Inflation from entropy
Udaykrishna Thattarampilly, Yunlong Zheng
TL;DR
This work develops a gravity-from-entropy framework in which gravity is governed by the quantum relative entropy between the spacetime metric and a geometry–matter induced metric, leading to modified Friedmann equations. In vacuum these equations admit inflationary solutions without invoking an inflaton or exotic matter, featuring two main x = $GH^2$ branches and a phantom-like regime; slow-roll dynamics can reproduce CMB observables under standard mappings. The high-entropy inflationary branch with $0.12 \lesssim x \lesssim 1/6$ yields tensor-to-scalar ratios $r$ in the range $\sim 10^{-4}$–$10^{-2}$ and scalar spectral indices $n_s \approx 0.962$–$0.964$, aligning with Planck constraints, while the phantom-like window offers alternative early-Universe phenomenology.
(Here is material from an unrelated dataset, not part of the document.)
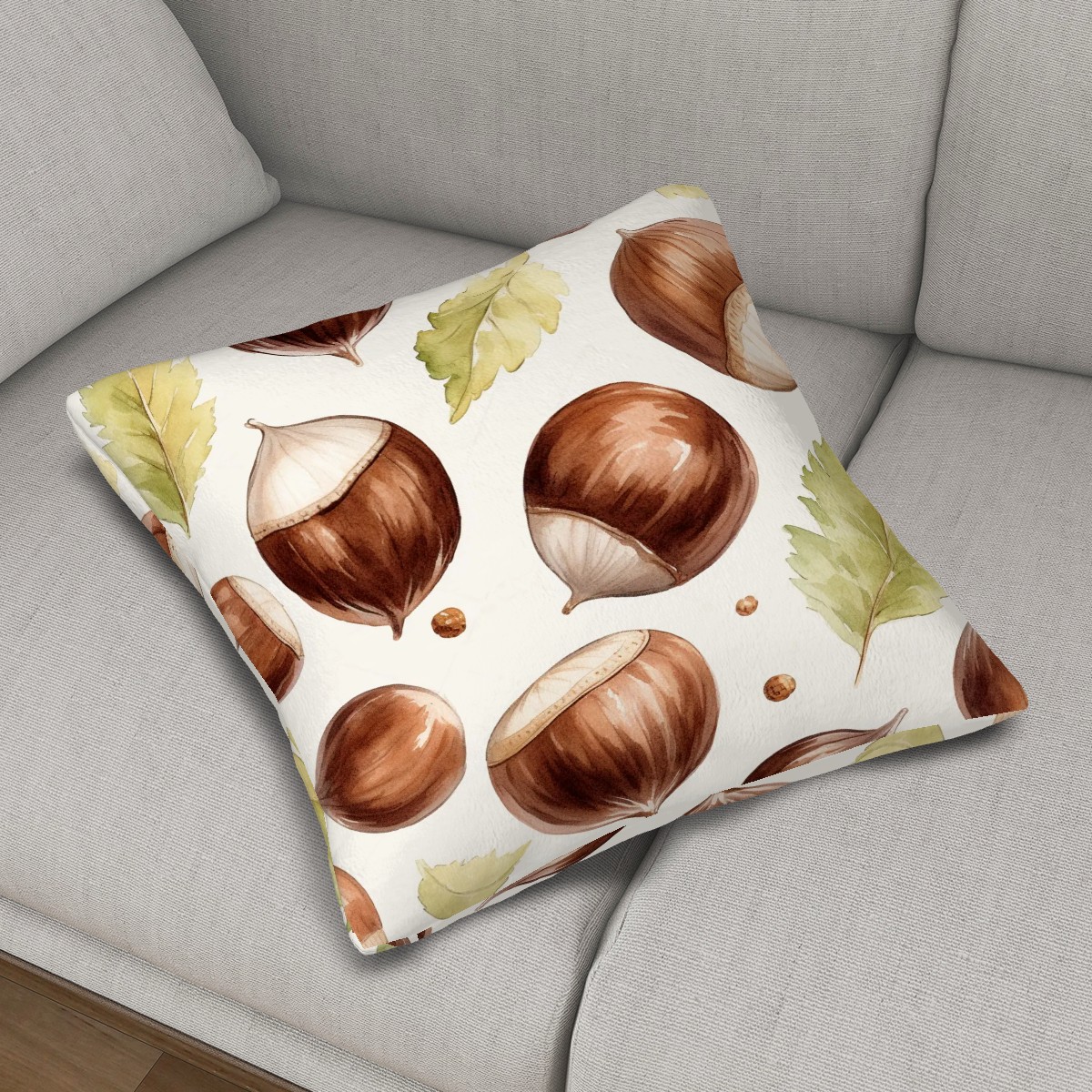 Velvet Throw Pillow Covers (Single-Sided Design)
Entropy-based interpretation suggests a greater geometric degrees of freedom in inflationary solutions and motivates further perturbation analyses and exploration of bounce or cyclic cosmologies within this entropic gravity framework.
Abstract
We investigate cosmological solutions for the modified gravity theory obtained from quantum relative entropy between the metric of spacetime and the metric induced by the geometry and matter fields. The vacuum equations admit inflationary solutions, hinting at an entropic origin for inflation. Equations also admit a regime of phantom like behavior. Assuming that the relation between slow roll parameters and CMB observables holds for entropic gravity, the theory predicts a viable spectrum.